Write out the data below exactly as given, without any of its pictures.

[[ Dataset excerpt, beginning ]]

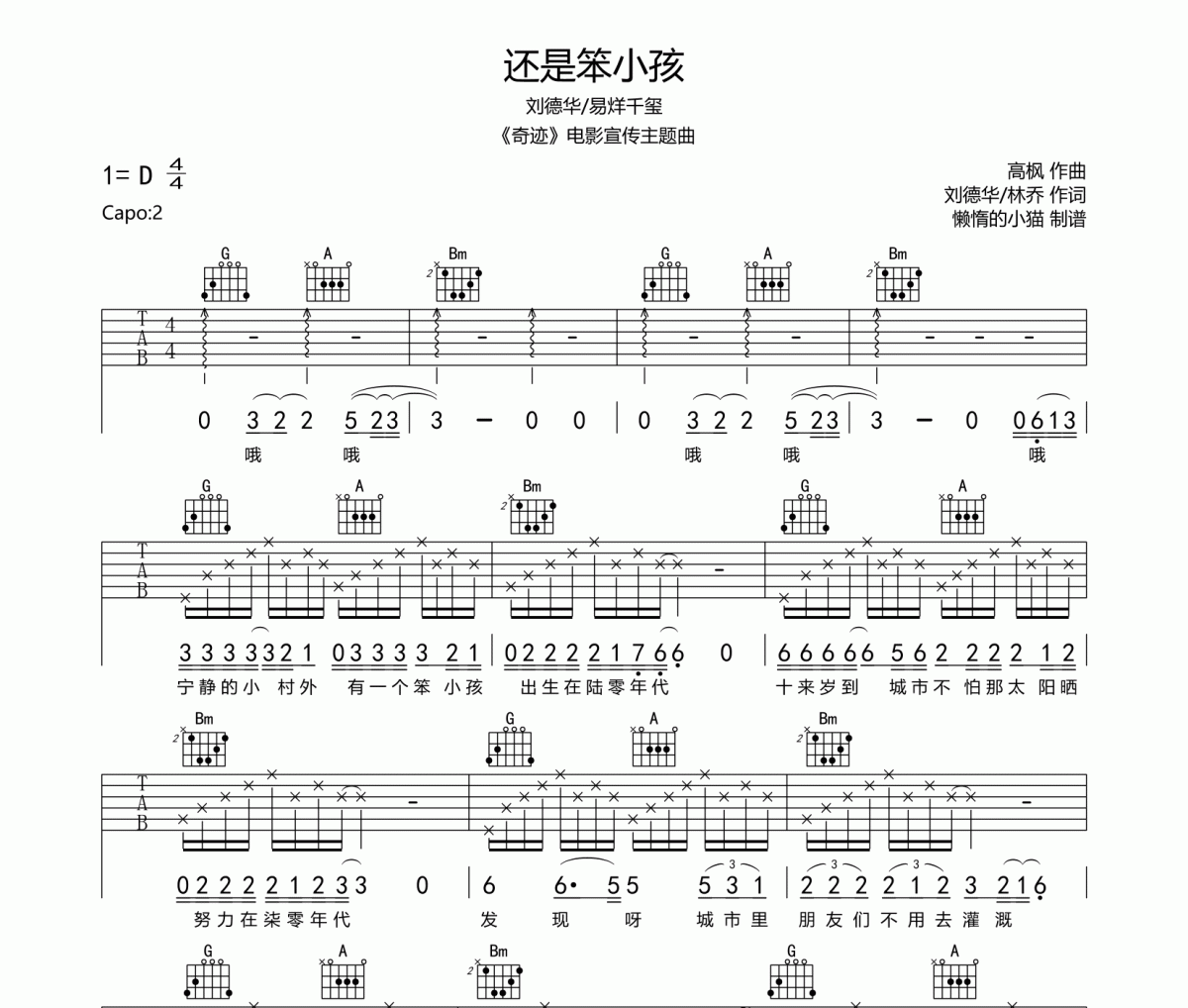 刘德华/易烊千玺-还是笨小孩吉他谱六线谱D调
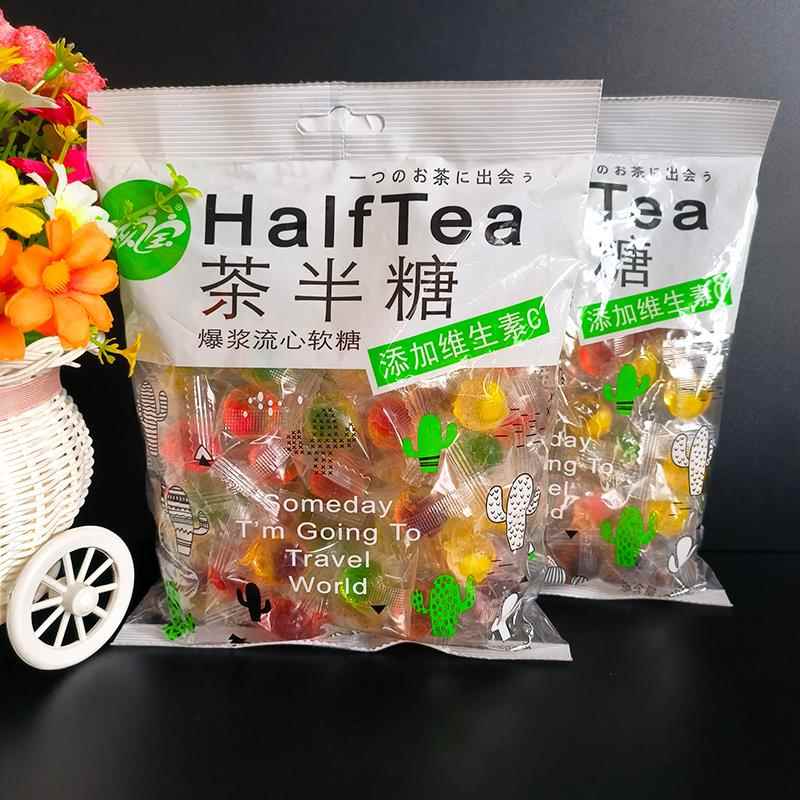 邂逅茶半糖水晶爆浆软糖468g袋装网红休闲果汁糖果儿童零食小食品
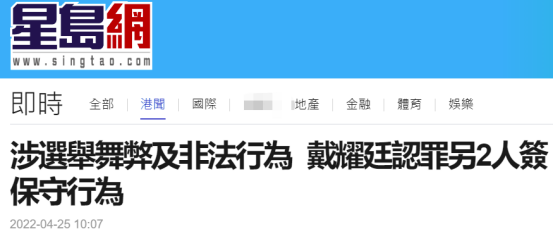 港媒：涉选举舞弊及非法行为 乱港分子戴耀廷认罪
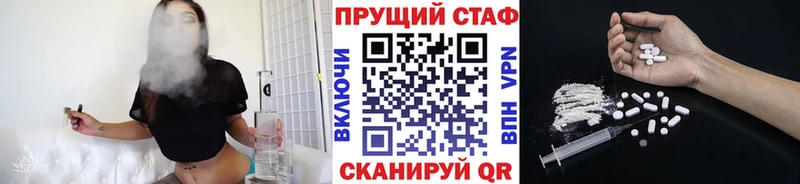 Магазин наркотиков Электрогорск А ПВП COCAIN Меф мяу мяу LSD-25 ГАШИШ Каннабис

[[ Dataset excerpt, end ]]

_Written response_.
 刘德华/易烊千玺-还是笨小孩吉他谱六线谱D调
 邂逅茶半糖水晶爆浆软糖468g袋装网红休闲果汁糖果儿童零食小食品
 港媒：涉选举舞弊及非法行为 乱港分子戴耀廷认罪
 Магазин наркотиков Электрогорск А ПВП COCAIN Меф мяу мяу LSD-25 ГАШИШ Каннабис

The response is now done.